First Posted: 04/01/11 03:59 PM ET Updated: 06/01/11 06:12 AM ET

WASHINGTON -- With commodity prices rising dramatically in the past few weeks, the Obama administration on Friday offered a new variation of its defense of proposed budget cuts to a program that provides energy assistance to low-income households.

At a breakfast organized by the Christian Science Monitor, Energy Secretary Steven Chu acknowledged that the administration had made “very, very hard decisions” in proposing to decrease funding for the Low Income Home Energy Assistance Program by $2.5 billion in its 2012 budget.
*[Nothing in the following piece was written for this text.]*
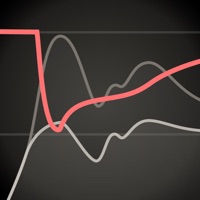 FabFilter Pro-C 2 pour PC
But while President Barack Obama argued in February that lower commodity prices meant less aid was necessary, a subsequent spike has led the administration to reassess its approach to justifying the new funding levels.

On Friday, Chu argued that the administration was pursuing alternate, broader reforms to help stabilize energy prices for households.

“We are shifting the program so that not only includes low, but also middle-income people,” Chu said.

“[W]hat we decided to do was begin to say, we need to get [other] programs started. We need to work with the lenders in order to come up with things like, when you buy a home or try to convince lenders, it’s prudent to ask about the affordability of the home or for an energy audit… This will stimulate people who want to sell their home to make energy improvements in their home, so they increase the resell value. There are many, many things we’re looking through.

“What we’re doing is we’re looking at those things that are, with a very modest amount of funds, or remodeling funds, you can begin to promote weatherization of homes and buildings. Five billion dollars gets you, what, 750,000 low-income homes, but can you get two billion dollars to now get tens of millions of homes being retrofitted, which becomes highly leveraged. And so, this is what we’ve found.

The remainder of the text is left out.